I pray our girl is strong. Strong like a warrior going into battle. Strong like an oak tree that’s not concerned with taking up its space; growing upward towards the sky and deeply into the soil. Strong enough to withstand the pressures of this world; knowing that while she is a gift to us here, she was made for somewhere else entirely. Strong enough to grab ahold of what she believes in without doubt or insecurity. I pray that she knows her strength can be both bold and delicate; both calming and fortifying. That she would never have to choose between strength and meekness, and that neither would be confused for what they are not. I pray she is strong for herself and for others; that she would stand in the gap for those who may not have the ability to be strong for themselves. I pray she is strong because the world needs strong women - women who lift others up, who stand up for what is right, and who hold tight to what is true.
I pray that her strength would know no bounds, like the vastness of the oceans deep, both wild and open. That no fear, no insecurity, would ever rob of her of her role here on this earth but instead, with strength, she would lay hold of every dream and promise given to her. Yes, I pray she is strong, and I pray that God would make me strong enough to raise a strong woman like this.
The other night I was asked what has been most unexpected since getting pregnant, and I've been thinking on this for a few days now. I think I've landed on the following: I never expected to take on motherhood so early on. That is to say, I didn't expect to feel like a Mom before I held her in my arms.

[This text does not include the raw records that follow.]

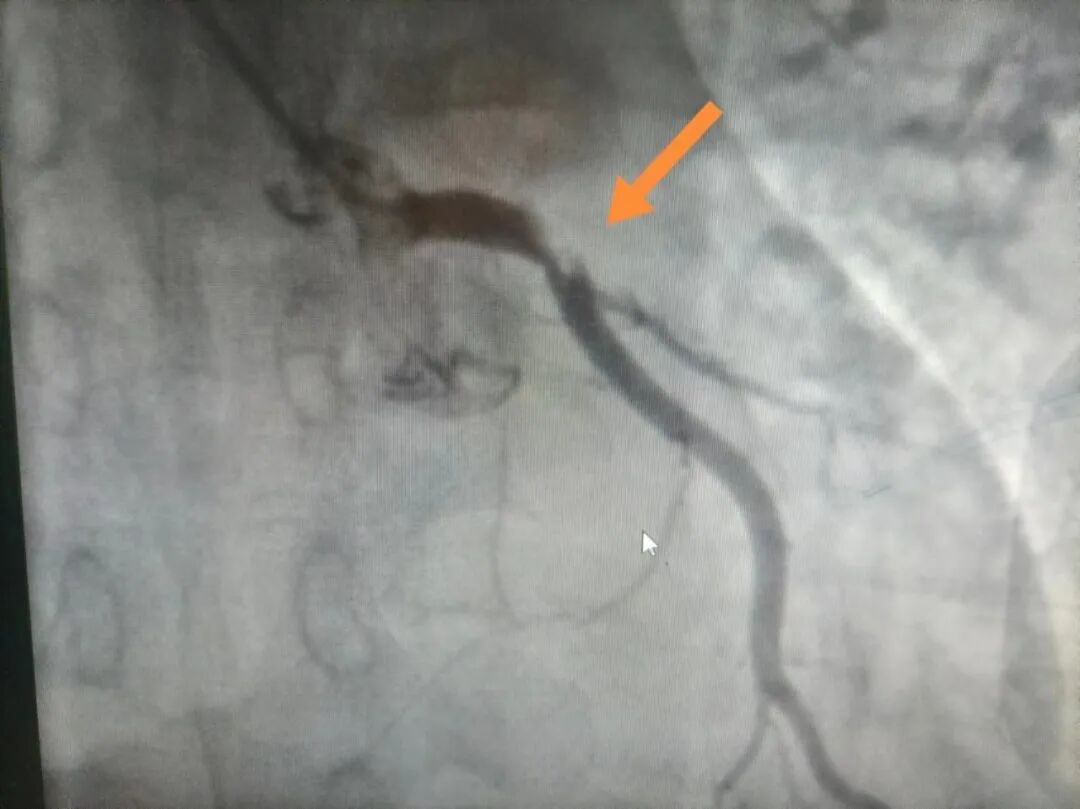 医院床位灯怎么关以心为灯，守护生命——玉田县中医医院内二科_https://www.jmylbn.com_新闻资讯_第4张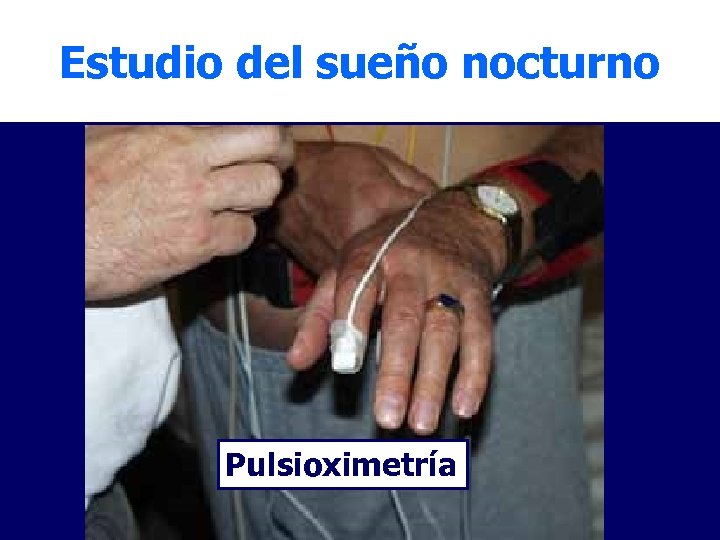 Estudio del sueño nocturno Pulsioximetría 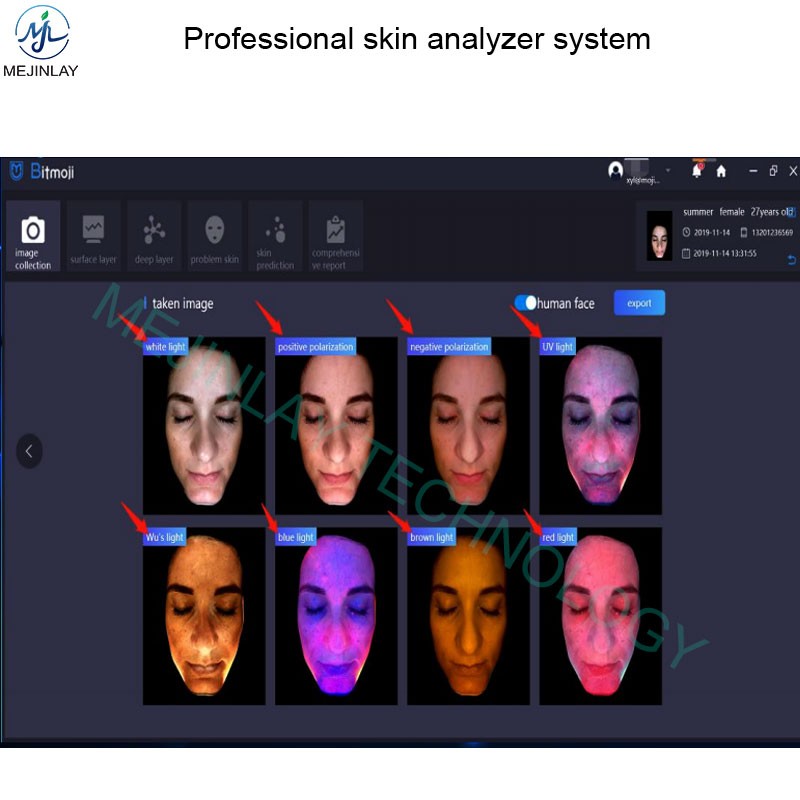 RF Face Massager Manufacturer - Thermal Tripolar Lifting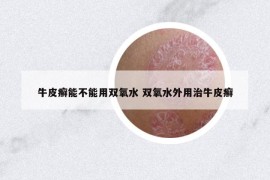 牛皮癬能不能用雙氧水 雙氧水外用治牛皮癬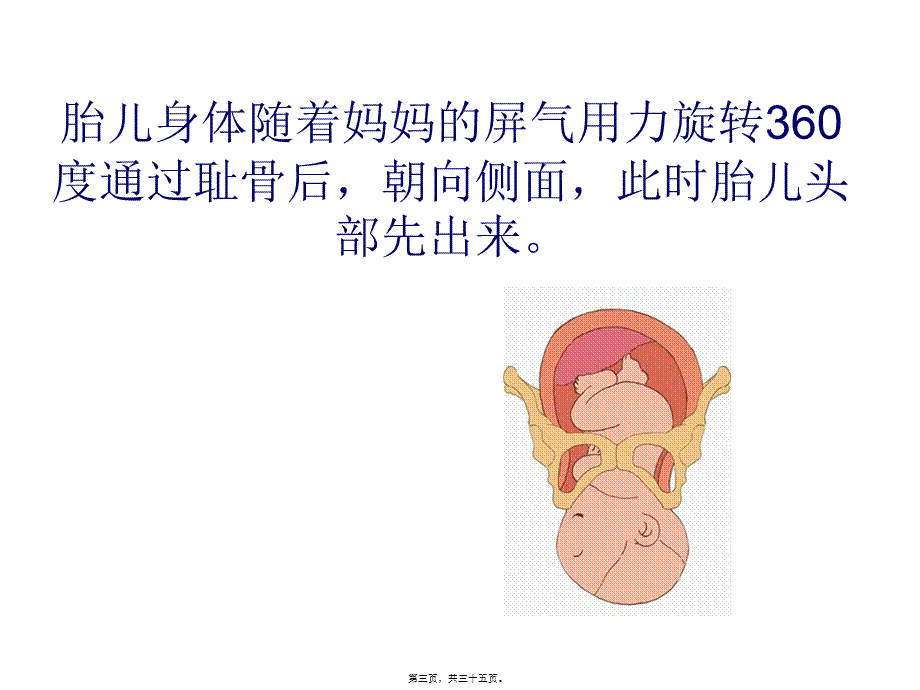 分娩图解.pptx_第3页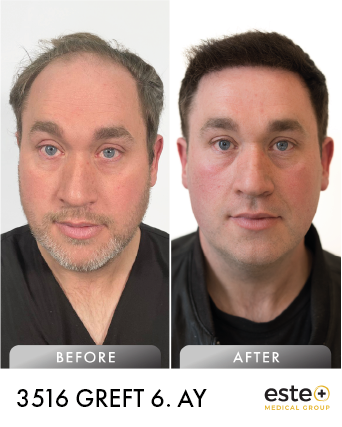 saç ekimi öncesi sonrası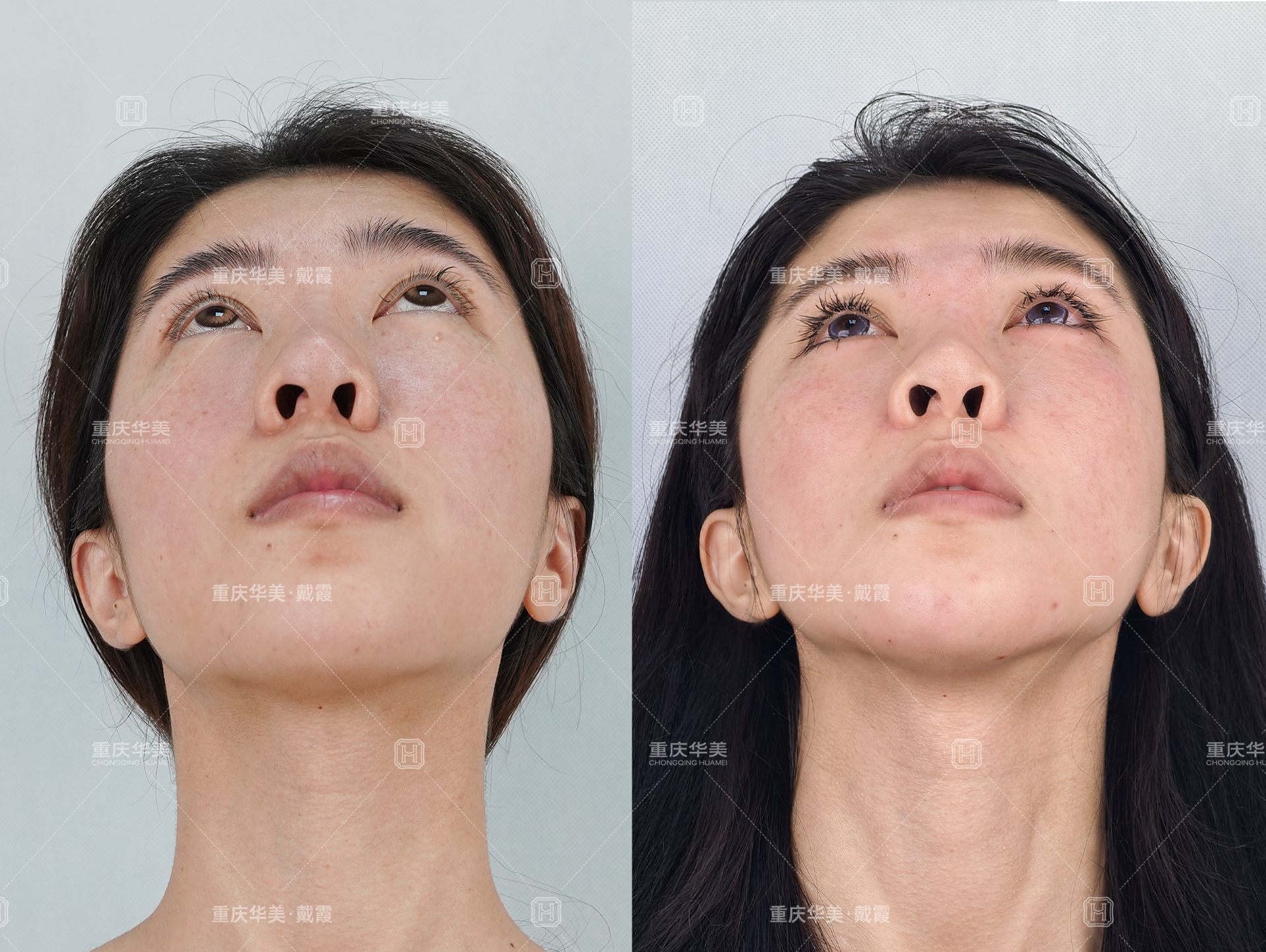 包头市整形机构排名榜前五的实力医院——包头市嘉美医疗美容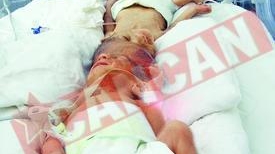 Mama siamezilor e iar insarcinata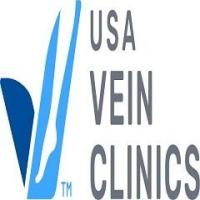 Minimally Invasive Vein Disease Treatments in Woodbury, MN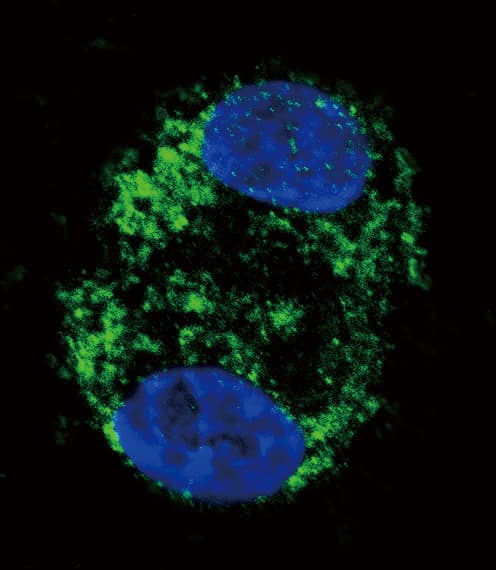 Polyclonal Rabbit anti-Human CPT2 Antibody (aa431-462, IF, WB)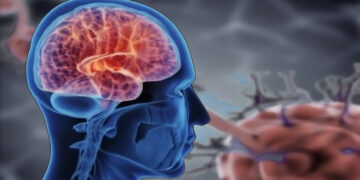Cuba socialiste développe un médicament contre Parkinson mais est freiné par le blocus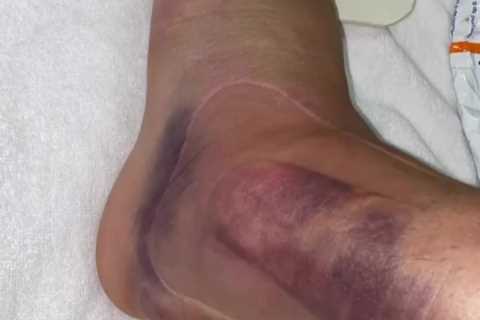 Ex-Arsenal star Dani Ceballos shares horror picture of ankle after nasty injury for Spain at Tokyo..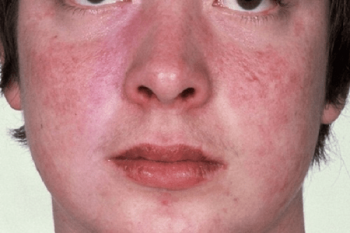 Các Biểu Hiện Của Bệnh Lupus Ban Đỏ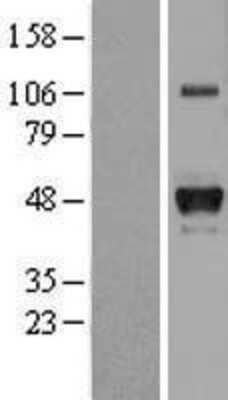 Western Blot: Haptoglobin Overexpression Lysate [NBL1-11686]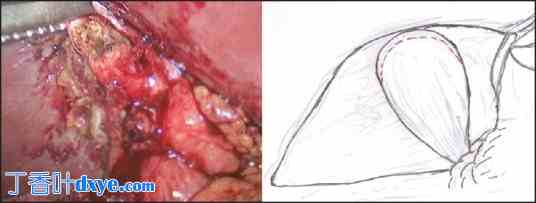 腹腔镜改良次全胆囊切除术治疗困难胆囊：单中心经验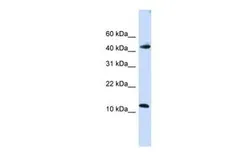 Anti-APOBEC3F antibody, C-term used in Western Blot (WB). GTX47211
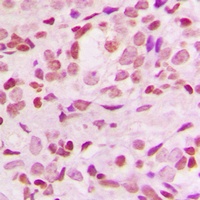 NFKBIA antibody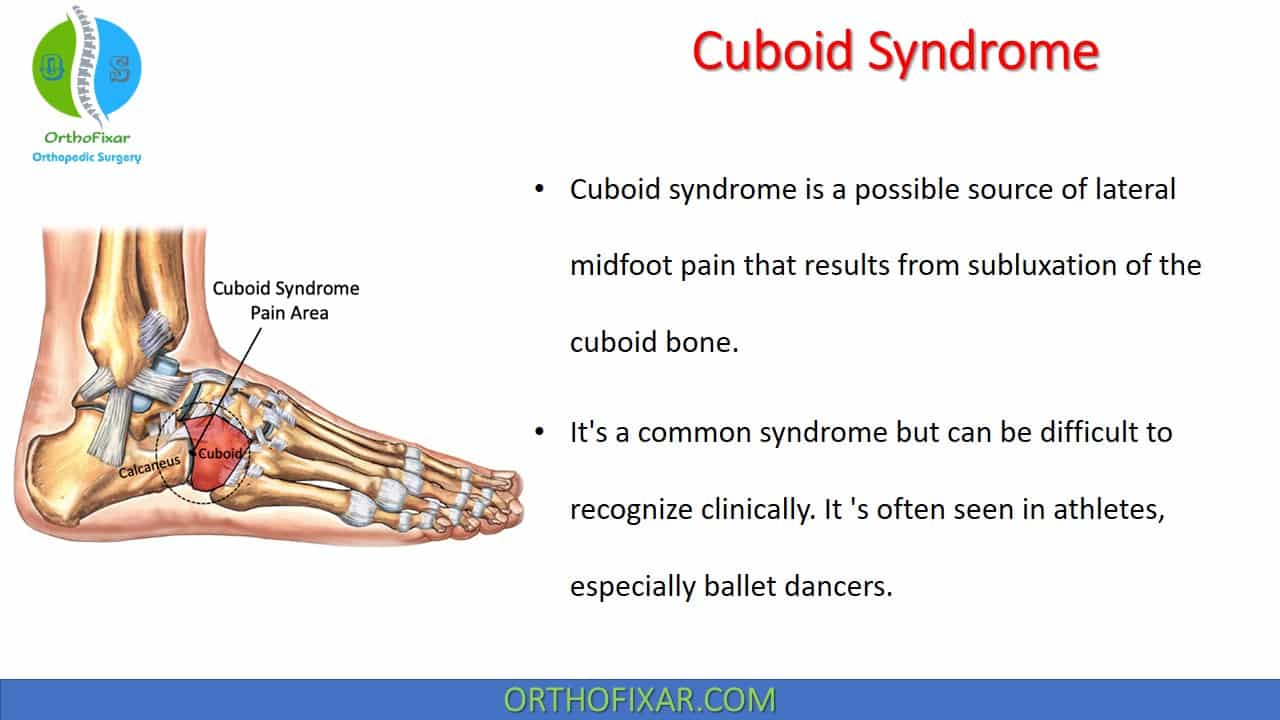 Cuboid Syndrome Easy Explained OrthoFixar 2024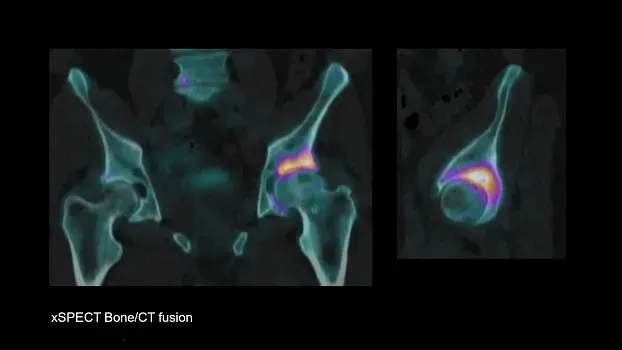 Клинические изображения Siemens Symbia Intevo Bold КТ аппарат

There's a beautiful, deep connection that I have with her, that has truly transformed my perspective, my priorities, and my personhood, even now. I have felt new depths of love and heard God's voice in a unique way, that I know I wouldn't have before. I didn't think this would happen while I was pregnant and thought all the change would happen all at once when she arrived. But the truth is, in so many ways it feels like she's not only here now, but always been with us, like this promise written on my heart that I've carried unknowingly.
This whole experience has been beautiful to say the least. Difficult? Absolutely. But, I'm used to challenges and thankful for the fruit they produce. I know that there is still so much more to learn, and glean, and experience, and I welcome it all with open arms.
We took a visit to the beach this weekend and I loved that our sweet girl got to be with us. I can't wait until she's running around in her bathing suit, chasing Gretchen around! I wore this dress from Pink Blush that fit my bump so perfectly. I love finding dresses that make me feel good, and this is definitely one of them.